Sounds familar to F1 technology

I was able to have a brief contact with one of the engineers on the Gen lV Chevrolet engine and after looking at my high port design with converging walls, I thought he would be impressed. Not so.. His comment was that it was old technology and the new was to tumble the mixture into the chamber. I am stuck
 
Actually tumbling air when it enters the combustion chamber is old technology too.
Saurer patented and produced this 1937 already and increased power by 15% compared to their previous diesel engines. The intake valve had a vane such that it would give the air entering the combustion chamber an extra twist.
Go on and search for: Patent No. 2,205,493
 
I got my stuff from Ricardo, cira 1919 or so. : )
 
In my experience there are two distinct types of motion within the cylinder, tumble and axial swirl and it's possible to have a combination of both.
Tumble will tend to decay into smaller eddies that lose momentum as the piston approaches TDC. It will also be most apparent at the "wrong times" during the 720 degree cycle: some engines it occurs strongly around peak valve lift and in others (where valve shrouding has been made deliberatetly to create tumble) it occurs at low inlet valve lifts.
Swirl can be imparted to the inlet charge with staggered inlet cam profiles (on a combsution chamber with twin intake valves) or by valve deactivation or perhaps with port de activation. It doesn't decay as much when the piston reaches TDC and there will be plenty of motion within the cylinder when the ignition point is likely to occur.

Increased cylinder motion WILL improve combustion burn rate. However this will have minimial impact on fuel economy and performance directly (if anything it detracts from full load peformance- but more on that later). the increased motion can be MADE to work for you in terms of part load fuel economy by being able to withstand more EGR (retaining a more stable combustion with more dilution with an inert gas such as EGR). Similar story for lean bun at part load without going so readily into misfire.

There is also a benefit to having more charge motion in during catalysts warm up- on spark ignition engines- where by alot more ignition retard can be dialed in without combustion stability decaying as much. This is invaluable when you're trying to get your car through emissions.

Detriment is that tumble or swirl illicited solely by the intake ports WILL have a negative effect on full load performance- whereby momentum is being used up in the charge motion within the cylinder- rather than getting the air in. (i.e your port flow coefficients ill be adversely effected) .A varaible device of some sort would be helpful and indeed many have been patented.
 
The current generation of subaru H-4 has TGV's (Tumble generator valve) in the intake runners directly off the head. This is approximately half of a butterfly valve, there are drive units and position sensors also.
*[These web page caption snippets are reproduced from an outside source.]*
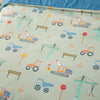 Close-up of a kids' waterproof quilt cover featuring a fun construction-themed pattern with excavators, dump trucks, cranes, stop signs, and traffic cones on a soft sage green background. Made from moisture-resistant, breathable fabric, this durable and machine-washable bedding provides incontinence protection.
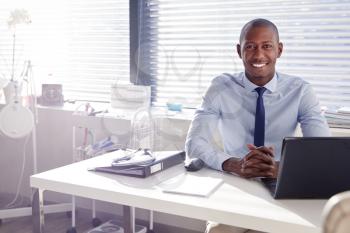 Portrait Of Smiling Male Doctor Sitting Behind Desk In Office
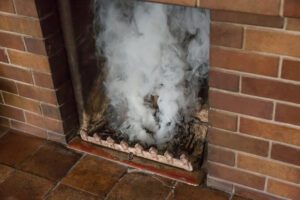 If you notice smoke coming from your chimney, it's a good idea to call a professional for an inspection to identify the cause.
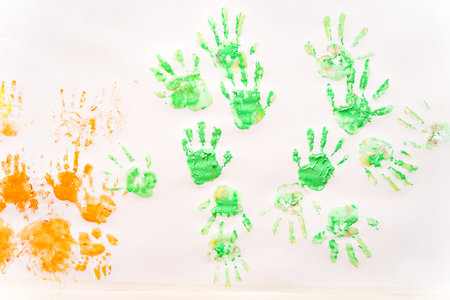 a sheet of paper with green and orange prints of children's handsの写真素材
They only are active (IE: perpendicular to the flow) when at cold start, and immediately move to full open when the pedal is touched.



Nick
I love materials science!
 
TO All

Would it be advantages to move the intake short side radius away from the cylinder wall to induce tumble without fighting the eddys coming off the cly wall as the piston comes up to TDC?


Marquis

Thanks for all the info

Could you help the project with


"Swirl can be imparted to the inlet charge with staggered inlet cam profiles"
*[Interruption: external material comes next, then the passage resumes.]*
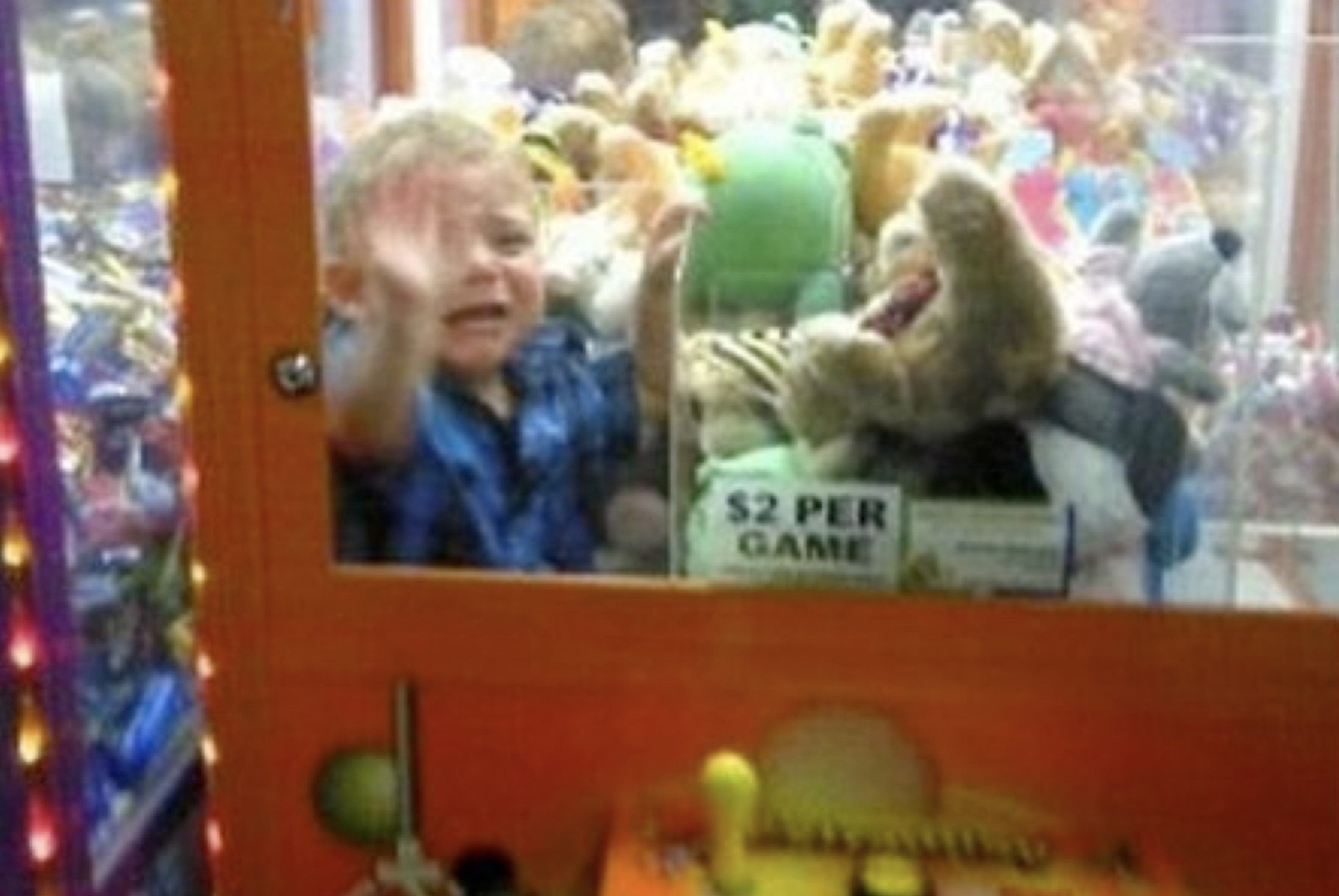 kid stuck in a claw machine - $2 Per Game P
Pardon my brain blanks but how do you stagger inlet on a two valve?

"where valve shrouding has been made deliberatetly to create tumble"

What is that configuration that is engineered into the head to cause tumble? side squish,bathtub,hemi?


Regards
 
thundair,

It quite feasible in a DOHC engine to grind 2 separate lobes per cylinder on each cam. In this case for the inlet cam 1 of each cylinders valves will have a slightly different MOP...
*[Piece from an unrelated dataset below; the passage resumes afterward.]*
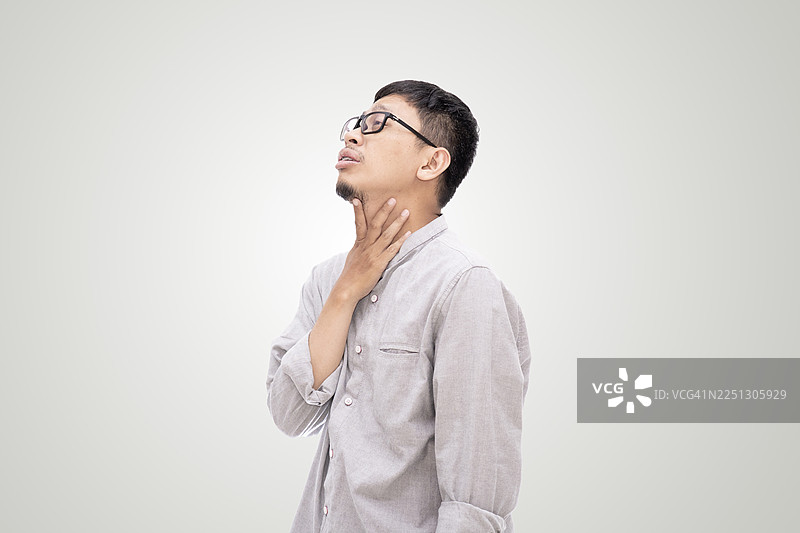 一个亚洲男人痛苦地捂着喉咙，背景为白色图片素材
This system will impart swirl but there are penalties at cold start and warm up idle. Swirl often causes the charge to wander wide of the spark plug. With very large and cold boundary layers this motion can cause partial fire to occur with subsequently high CO/HC emissions and high engine roughness caused by cycle to cycle variation.

MS
 
Thundair

"where valve shrouding has been made deliberatetly to create tumble"

What is that configuration that is engineered into the head to cause tumble? side squish,bathtub,hemi?"

I've seen it done on Pent roof chambers but I don't see why it can't be done on, say a Hemi. The chamber is "closed" with , say, squish near the intake valve(s) near the bore. This is done so it shrouds the inlet flow -partcicularly at low valve lifts. At low valve lifts this will cause a larger proportion of the air to go over the more open-less shrouded side of the valve.

There will be less tumble as the valve lifts higher and the short side gets less shrouded. This is perhaps not very elegant solution and this WILL impact on outright flow coefficient.
 
I am now working on a 8.2L V12 off shore boat power plant
and the lead on the engine has followed F1 technology as applicable to the project. No pneumatic valves but port design is straight, with no bowl and no short side radius, although it is a converging tract. I cant wait to see it flow as soon as we get the software to do the virtual dynamics.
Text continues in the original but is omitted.